Educational programs in our area received $40,626.43. Nearly $17,000 will be used to improve the literacy of Eastern Panhandle young ones. Martinsburg-Berkeley County Public Libraries received a grant for their 2023 Summer Reading Program “All Together Now.” Youth Services Manager Emily Jones reported that Berkeley County school teachers greatly appreciate the library’s reading programs which have been proven to help students maintain reading proficiency through the summer months. Martinsburg Sunrise Rotary Foundation will distribute ten books of each child’s choosing to every second grade student in Berkeley, Jefferson, and Morgan County through their Eastern Panhandle Reading program. Multiple school officials voiced their support and enthusiasm for this program which distributes tens of thousands of new books every year. Likewise, EL teacher Jill Leathers of Opequon Elementary School will use her grant to continue to build a bilingual library in her classroom, where students will be allowed to check out bags of these books to encourage at-home reading. Spring Mills Middle School teacher Stephanie Gardner will use her grant to expand and diversify the history books in her 8th grade West Virginia Studies classroom library.

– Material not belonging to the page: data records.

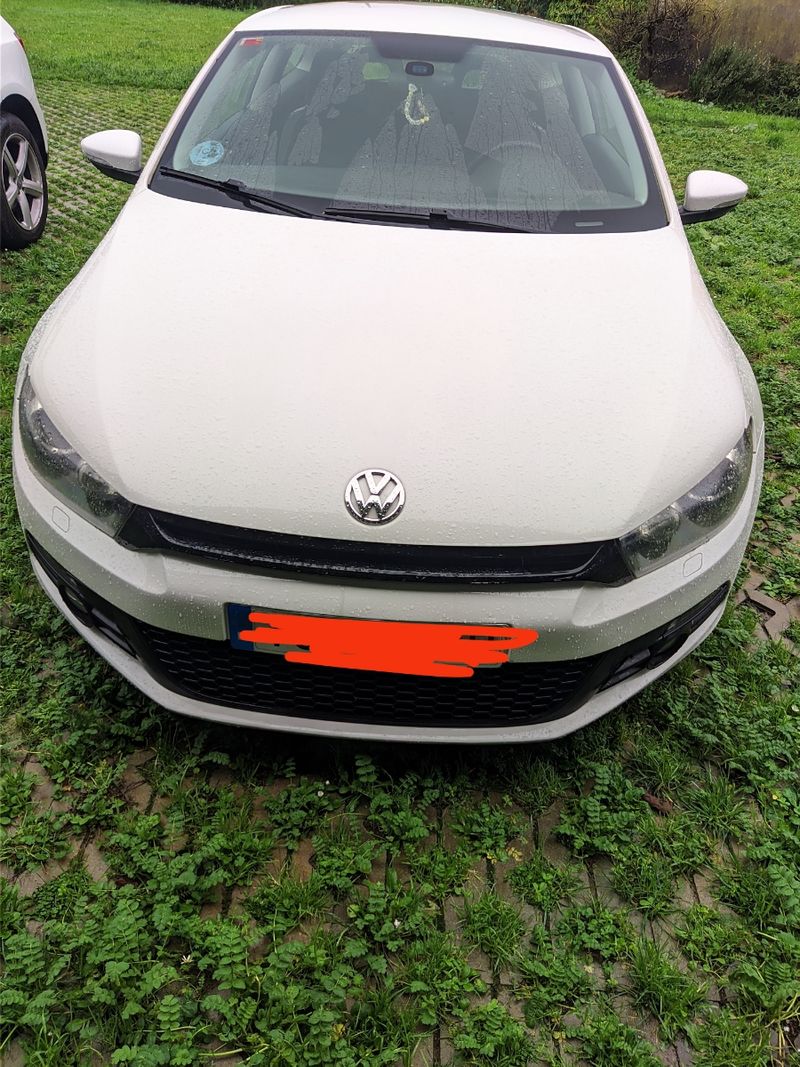 Volkswagen Scirocco 2009 - foto 1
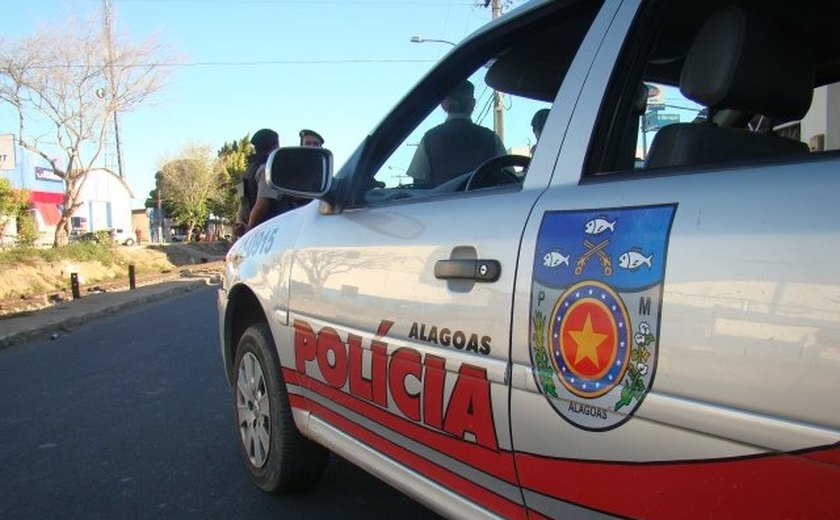 Duas pessoas são mortas a tiros e pauladas em Maceió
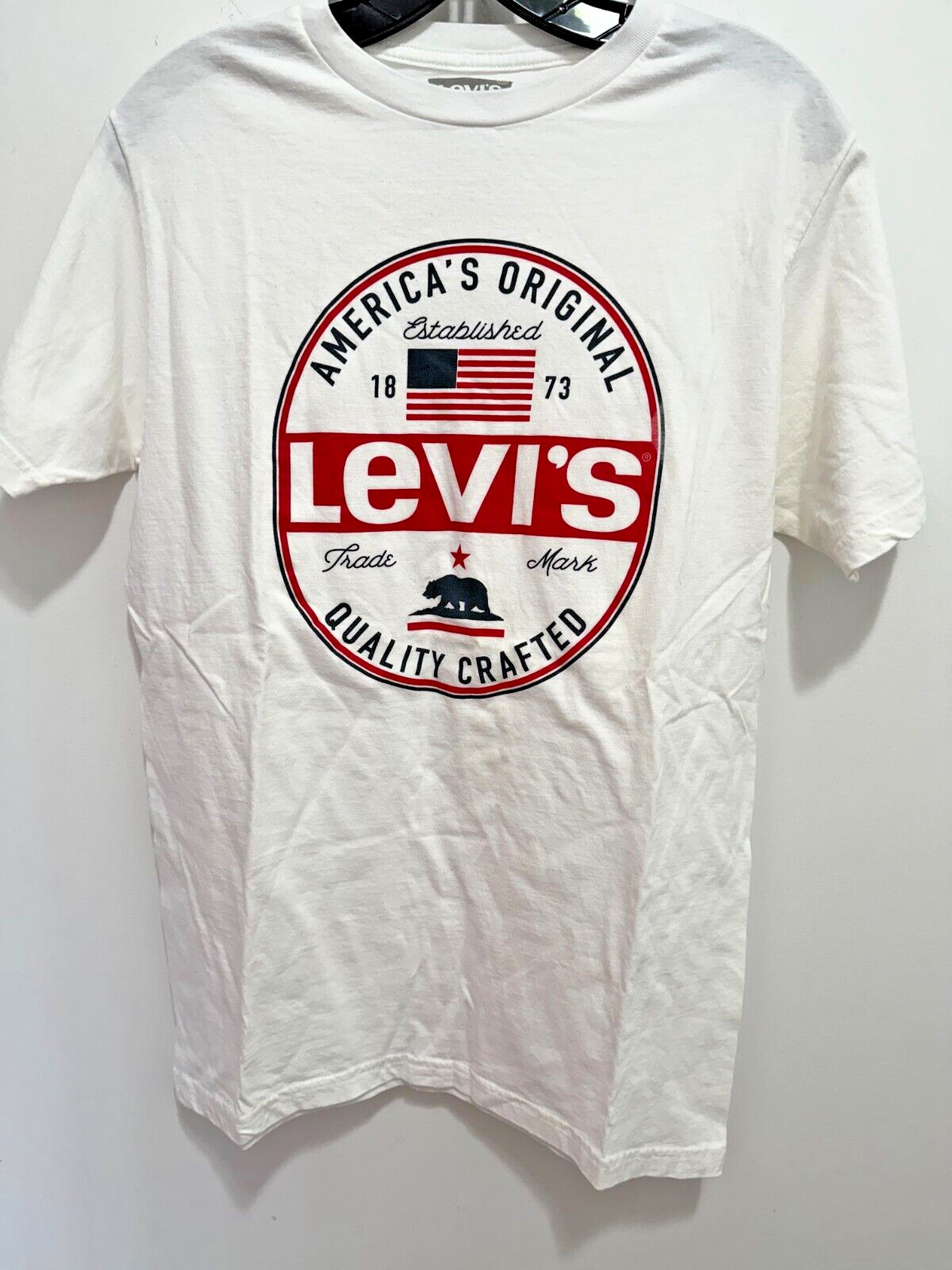 Levi&rsquo;s American Original Logo White T-shirt Unisex (New without tags)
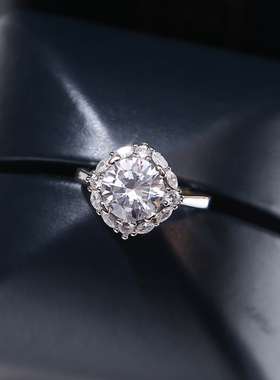 奢华款仿莫桑石椭圆鸽子蛋一对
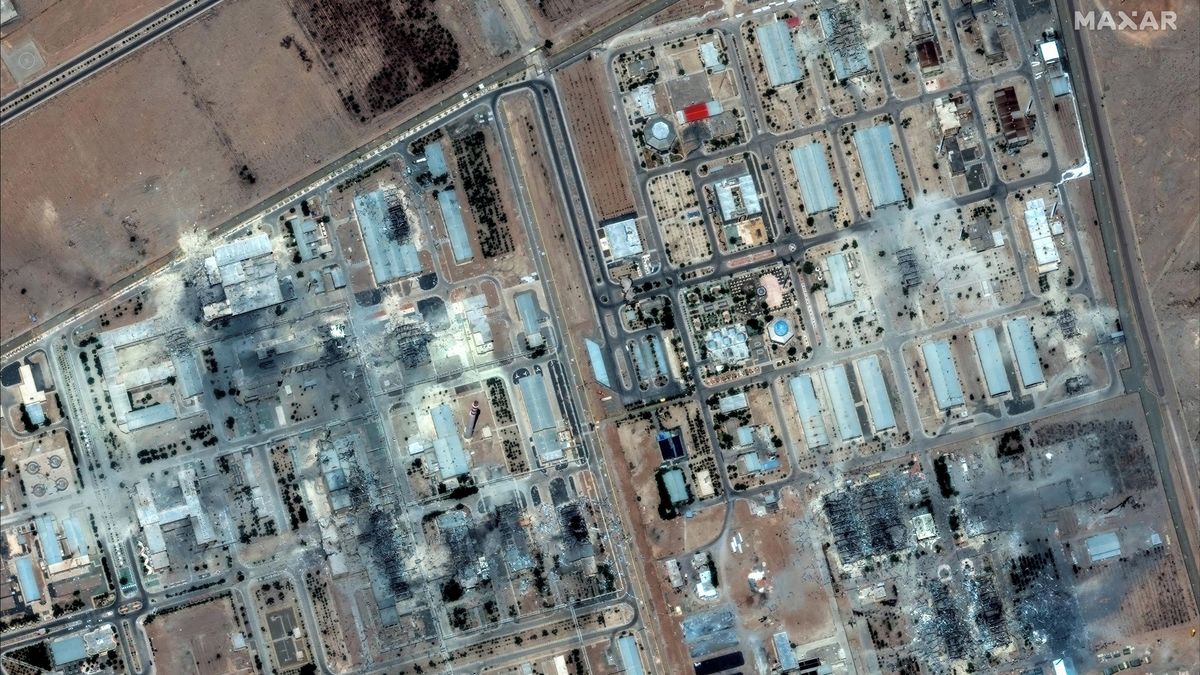 USA souhlasily s návrhem Íránu přesunout jaderná jednání do Ománu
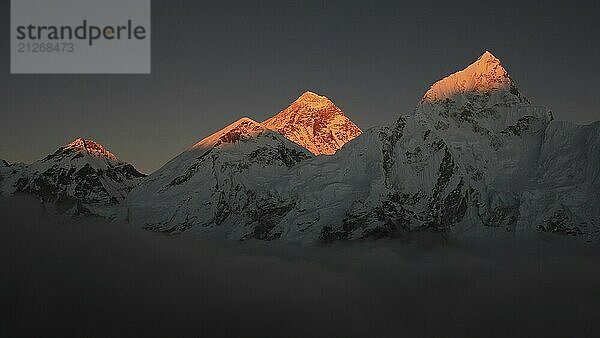 Mount Everest und Nuptse bei Sonnenuntergang  Blick von Kala Patthar  Nepal  Asien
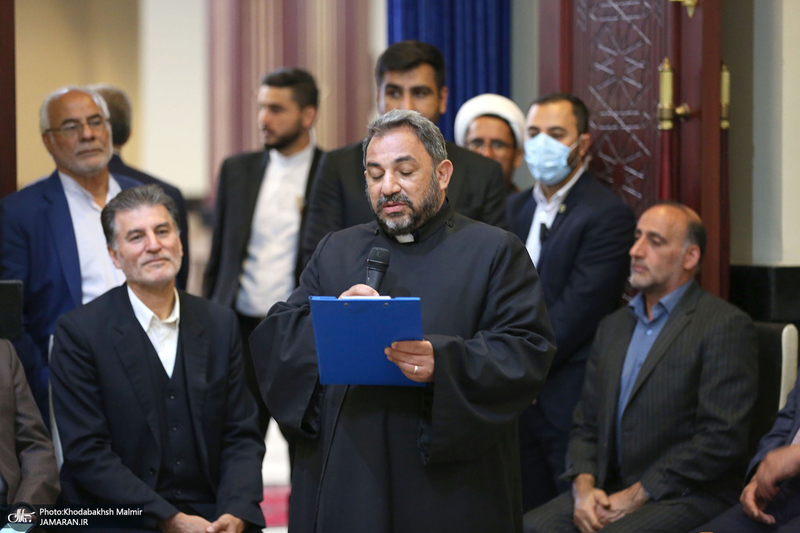 دیدار جمعی از نمایندگان پیروان ادیان الهی با سید حسن خمینی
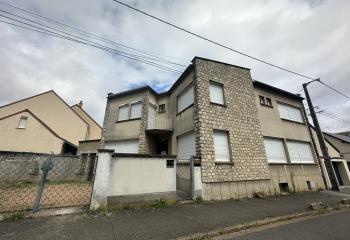 Location de bureaux situé dans l'Avenue principale de Chartres et  à Luisant - 28600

Nearly $12,000 will fund STEM-related programs. Harpers Ferry Middle School’s Jill Fornadley, recipient of several previous EWVCF grants and ever the champion of learning via virtual reality, will use this grant to purchase cameras that will allow her students to film and create their own virtual Social Studies content about local West Virginia history which could be shared in schools throughout the state. Kristina Allis, Technology Integration Specialist at Orchard View Intermediate School, will use her grant to purchase Snap Circuits, electrical kits that allow children ages 8 and above to learn about electricity by creating functional circuit boards. At Wind Dance Farm & Earth Education Center in Morgan County, Director and Environmental Educator Leslie-Devine Milbourne received a grant for technological upgrades and supplies, which will allow the organization to continue their vital work of educating local youth about nature and the environment through their Student Citizen Scientist programs.
EWVCF also funded an exciting new educational program from the Jefferson County Historic Landmarks Commission. The Commission is dedicated to providing heritage education to all ages, and this grant will allow them to deliver direct presentations to all Jefferson County 4th grade classrooms. Dr. Deborah Rochefort will travel to all nine elementary schools, presenting herself as a woman from 1775 and teaching students about 18th century textiles. Commission Chair Martin Burke anticipates that this program will generate “more appreciation and interest in life in the 18th century” among Jefferson County students as they are taught American Colonial History.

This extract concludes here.